WORK TO BE COMPLETED:
The goal here is an exact copy of the entries below, without their pictures.

━━━━━━━━━━━━━━━━━━━━

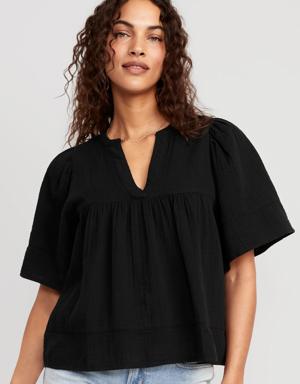 Flutter-Sleeve Textured V-Neck Swing Top for Women black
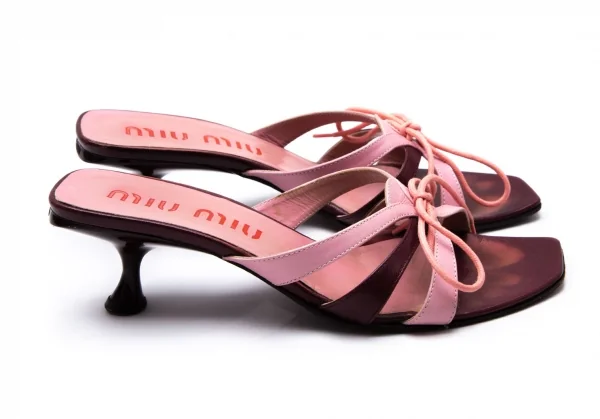 ミュウミュウMIU MIU レザーリボンヒールサンダル ピンク焦げ茶35.5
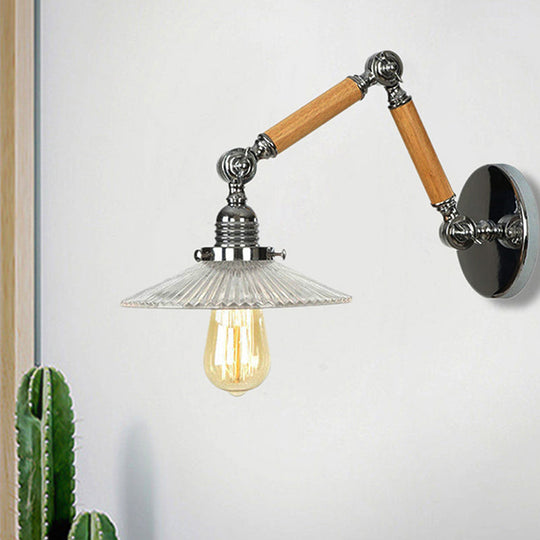 Vintage Ribbed Glass Saucer Wall Sconce With Extendable Wooden Arm For Study Room Lighting Clear /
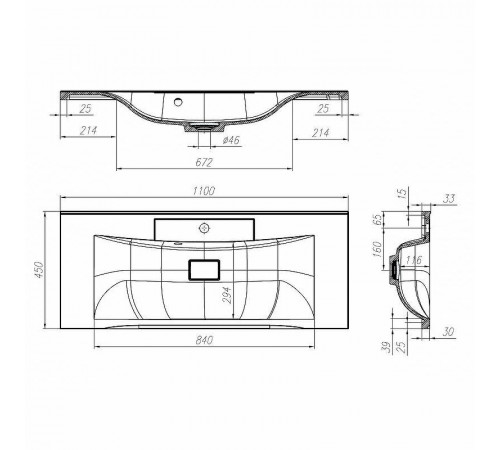 Раковина BelBagno 110 BB1100/450-LV-MR-PR Белая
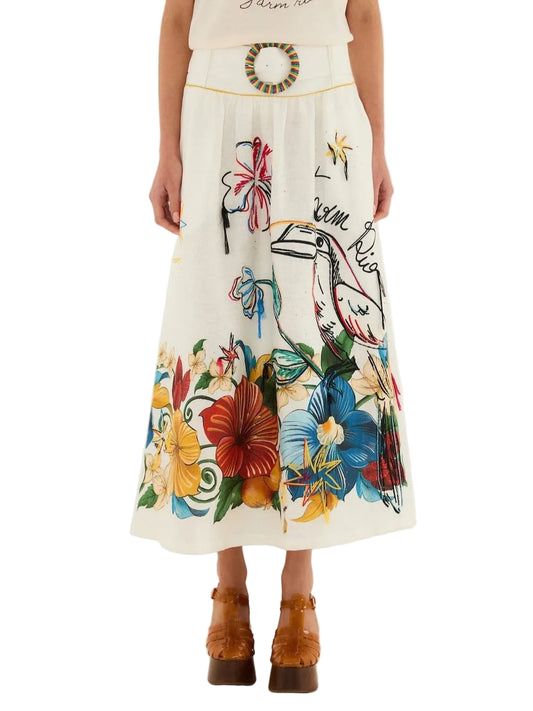 white linen maxi skirt with tropical embroidery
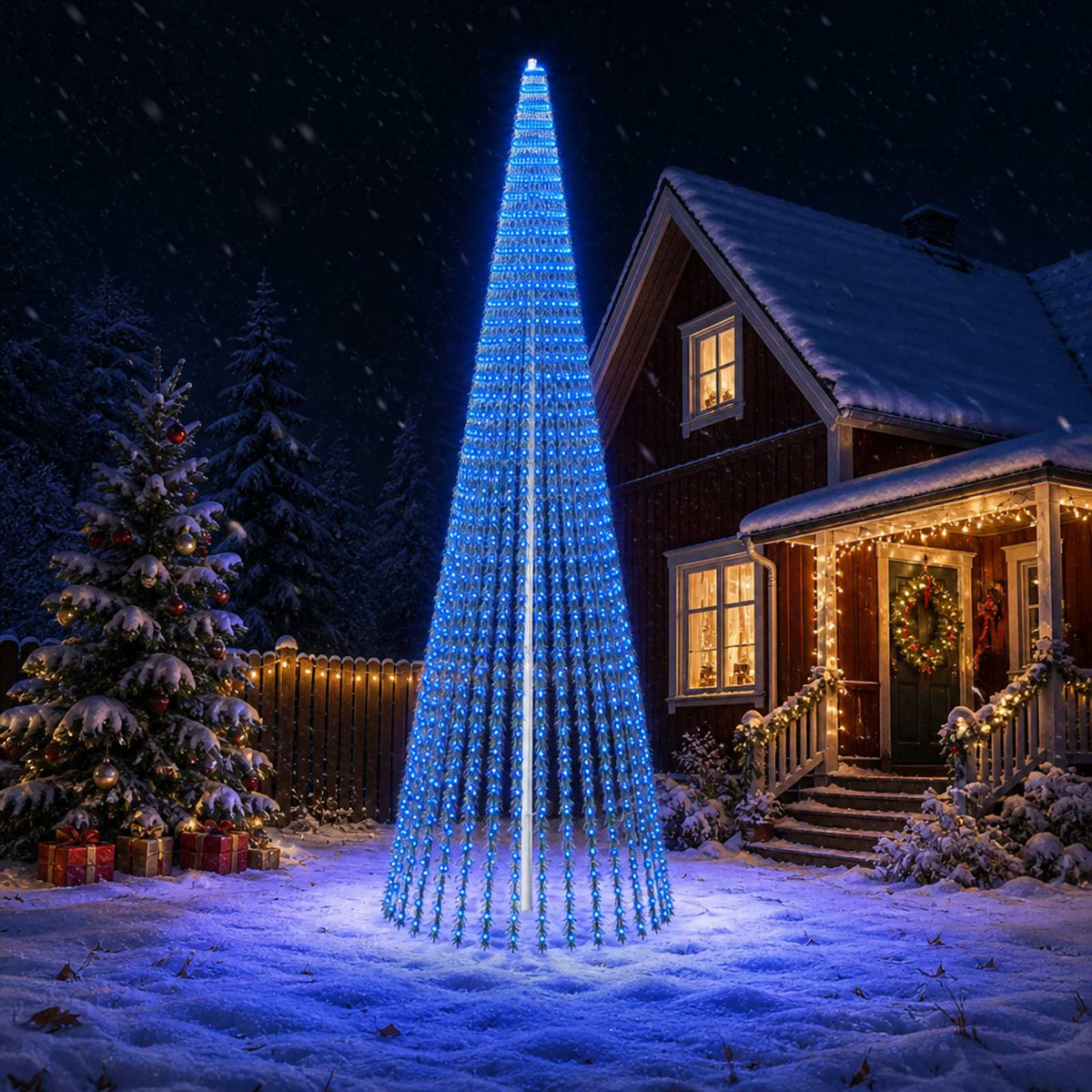 LED Christmas Tree 150 cm 240 LEDs Steel Green 500 cm Blue
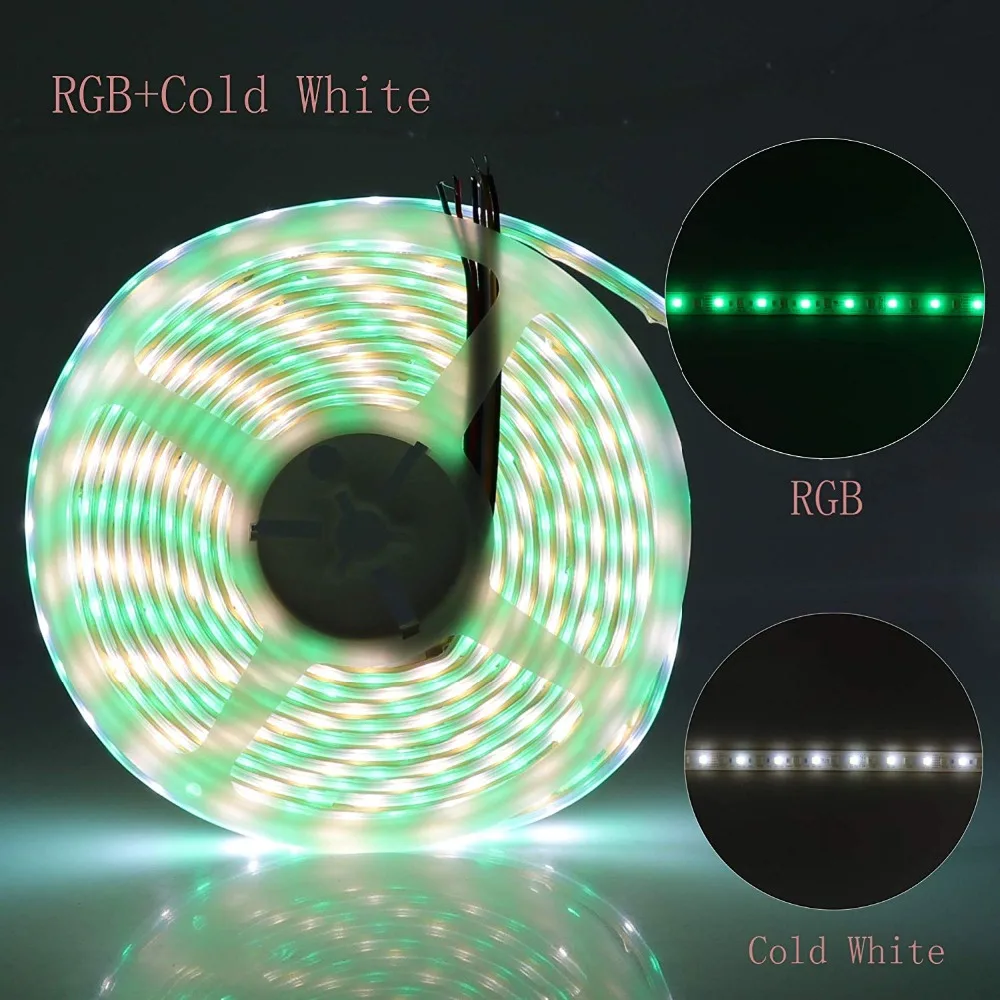 Светодиодные полосы света Гибкие 360 единиц 5050SMD 5 метров 24 В RGB+ CCT изменение цвета и цветовая температура регулируемая UL jk358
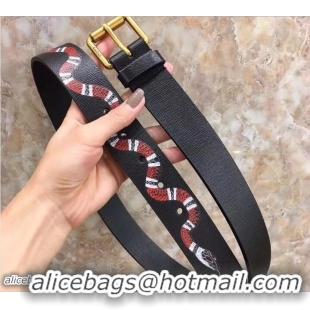 Unique Style Gucci Width 3.5cm Kingsnake Print Black Leather Belt with Square Buckle Gold Hardware 434520 2018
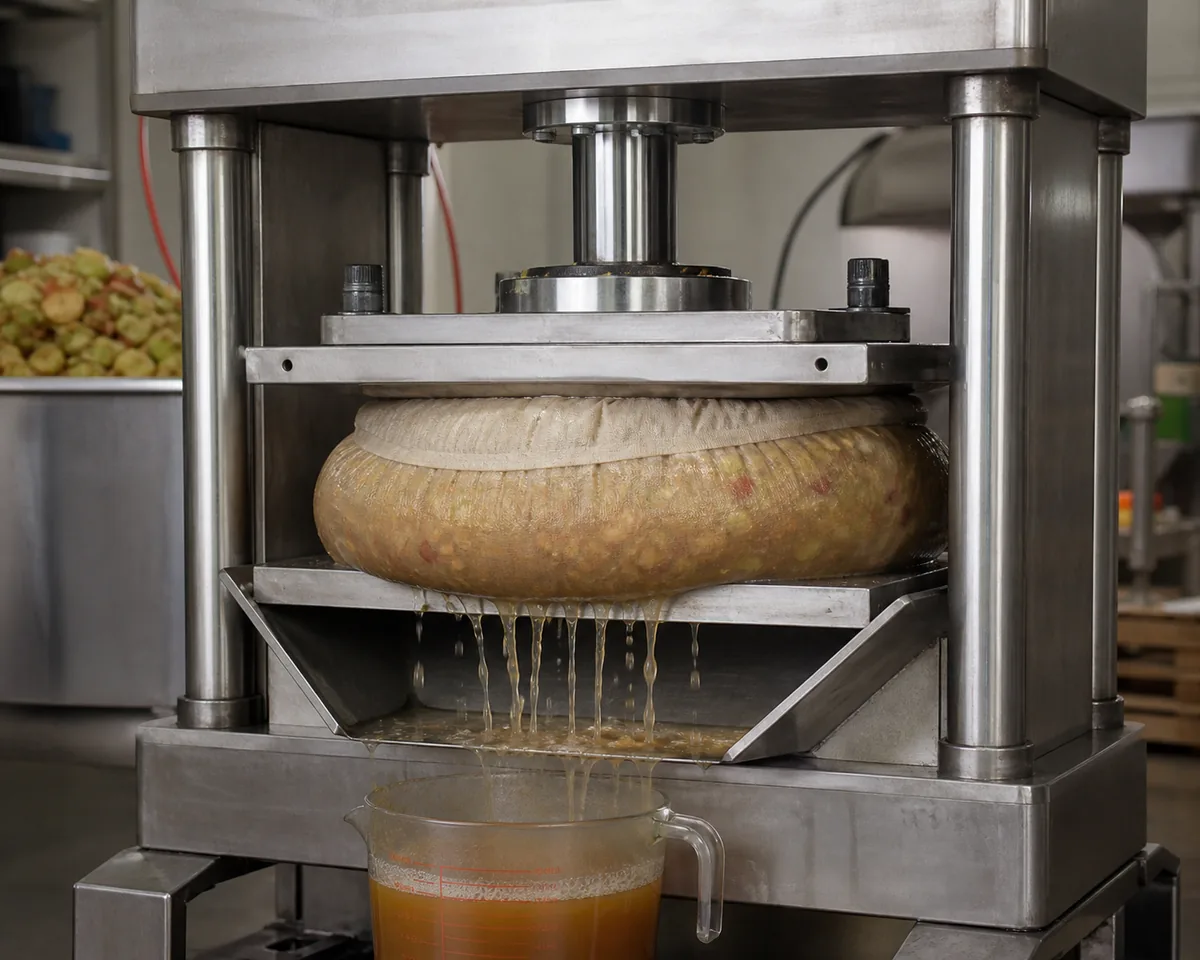 A hydraulic juice press plate squeezing a bag of pulp with juice running out into a jug below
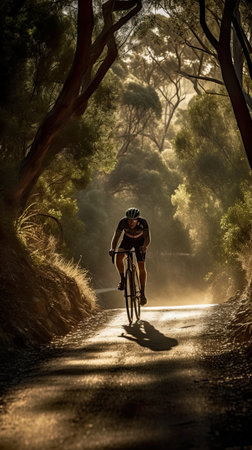 Mountain bike cyclist in forest trail, extreme sport, AI generative illustrationの素材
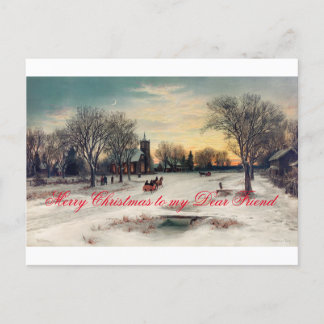 Postale Carte de Noël Vintage Joyeux Noël Cher ami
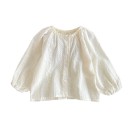 Top de outono para meninas com mangas longas Corte de balão Algodão Poliéster Spandex Bordado doce Decote redondo Top da moda e bonito 12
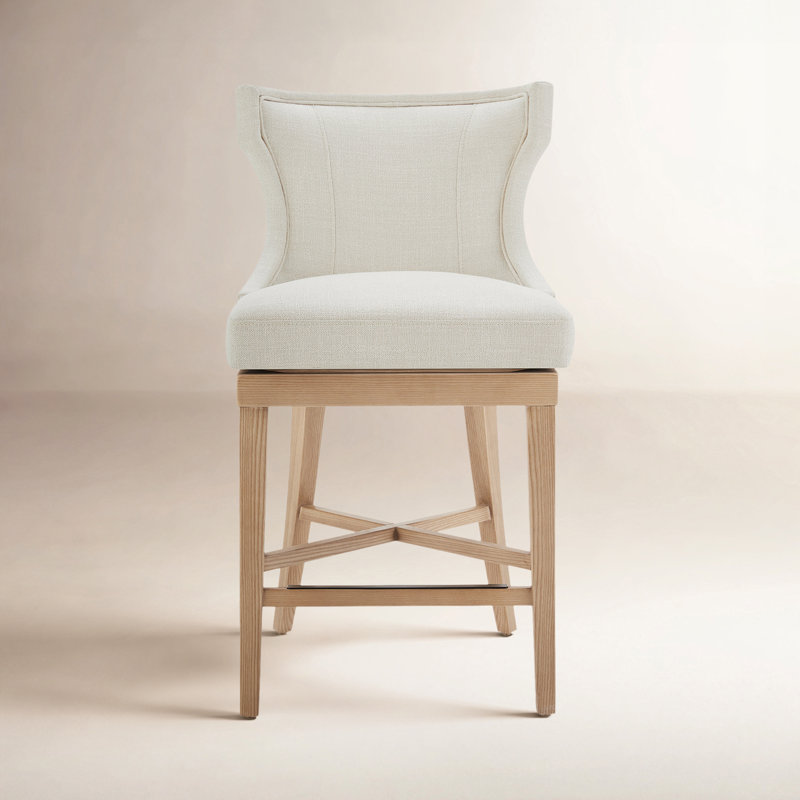 Willow Upholstered Swivel Counter Stool, Effie Linen Performance Linen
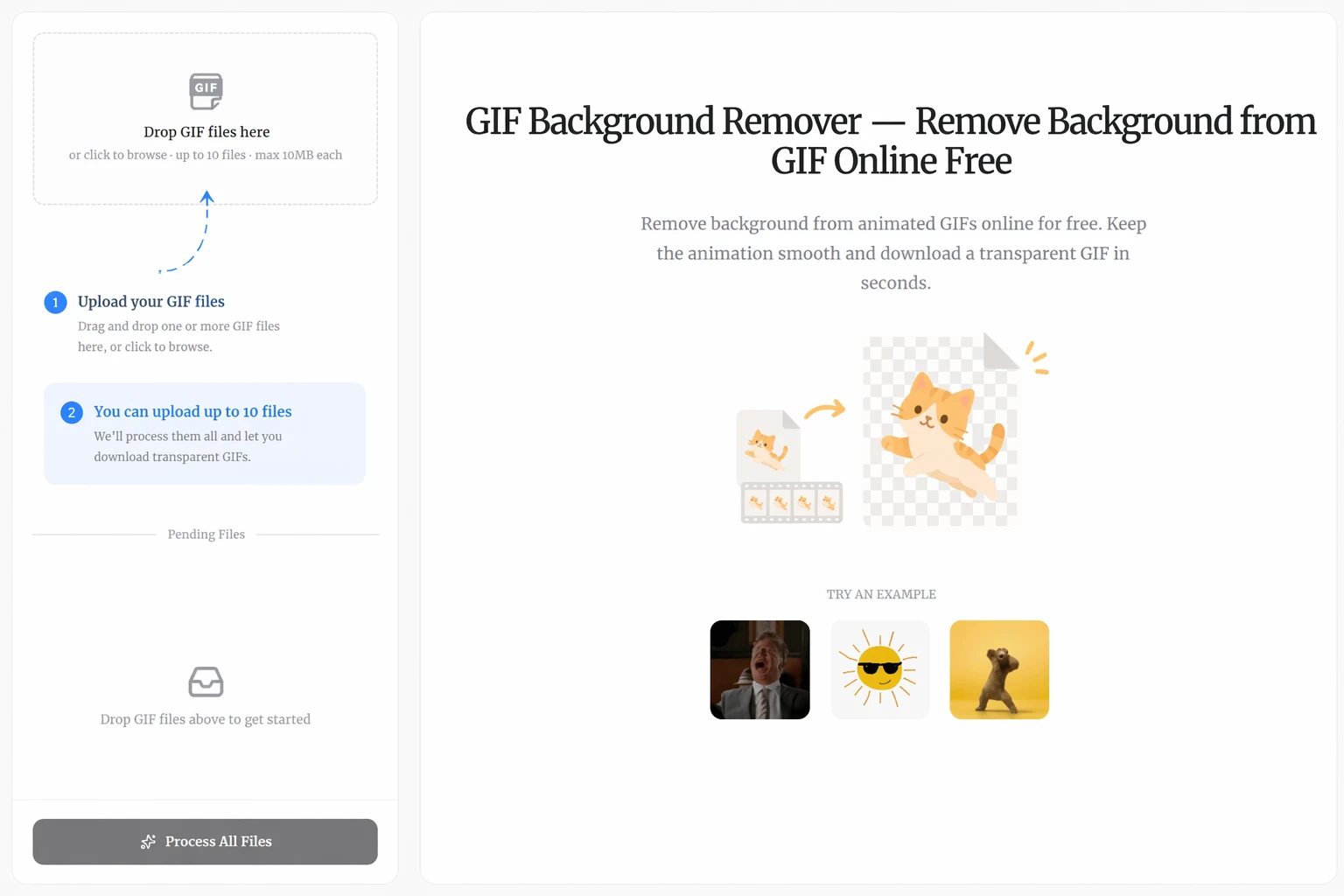 Upload a white-background GIF by dragging it into the upload area or clicking to browse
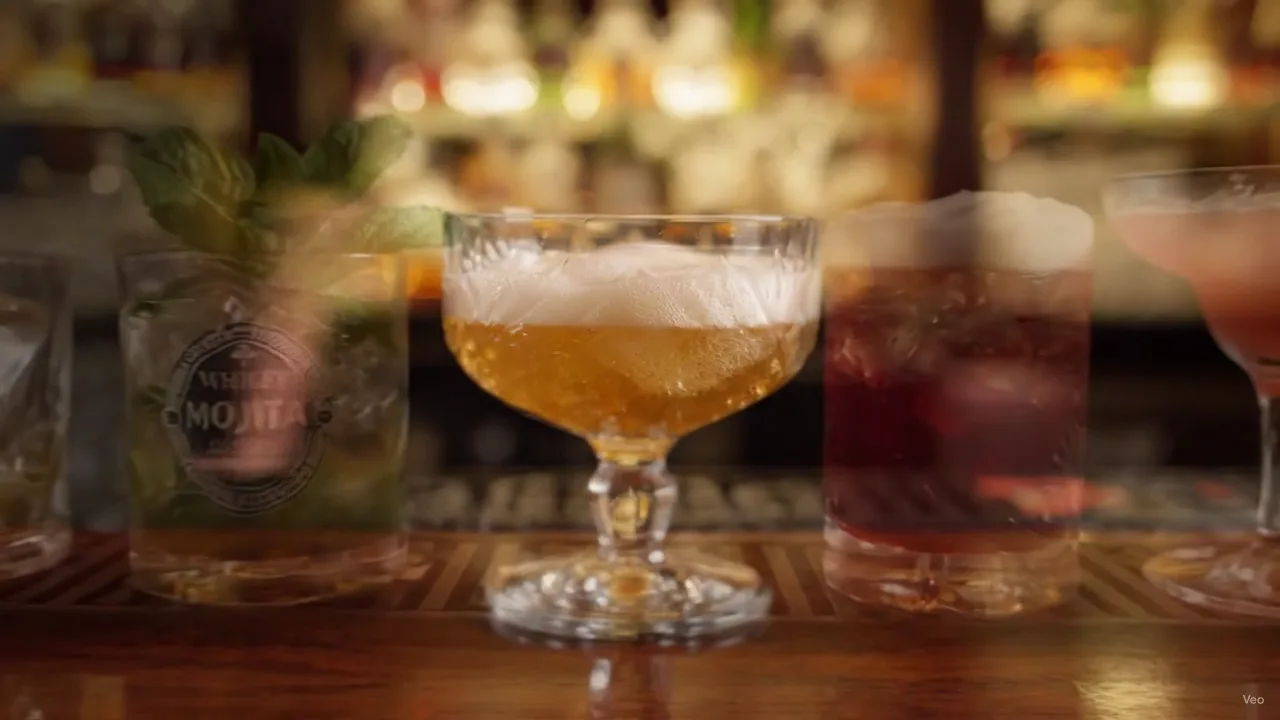 Three cocktails under warm bar lighting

━━━━━━━━━━━━━━━━━━━━

EXPECTED ANSWER:
 Flutter-Sleeve Textured V-Neck Swing Top for Women black
 ミュウミュウMIU MIU レザーリボンヒールサンダル ピンク焦げ茶35.5
 Vintage Ribbed Glass Saucer Wall Sconce With Extendable Wooden Arm For Study Room Lighting Clear /
 Раковина BelBagno 110 BB1100/450-LV-MR-PR Белая
 white linen maxi skirt with tropical embroidery
 LED Christmas Tree 150 cm 240 LEDs Steel Green 500 cm Blue
 Светодиодные полосы света Гибкие 360 единиц 5050SMD 5 метров 24 В RGB+ CCT изменение цвета и цветовая температура регулируемая UL jk358
 Unique Style Gucci Width 3.5cm Kingsnake Print Black Leather Belt with Square Buckle Gold Hardware 434520 2018
 A hydraulic juice press plate squeezing a bag of pulp with juice running out into a jug below
 Mountain bike cyclist in forest trail, extreme sport, AI generative illustrationの素材
 Postale Carte de Noël Vintage Joyeux Noël Cher ami
 Top de outono para meninas com mangas longas Corte de balão Algodão Poliéster Spandex Bordado doce Decote redondo Top da moda e bonito 12
 Willow Upholstered Swivel Counter Stool, Effie Linen Performance Linen
 Upload a white-background GIF by dragging it into the upload area or clicking to browse
 Three cocktails under warm bar lighting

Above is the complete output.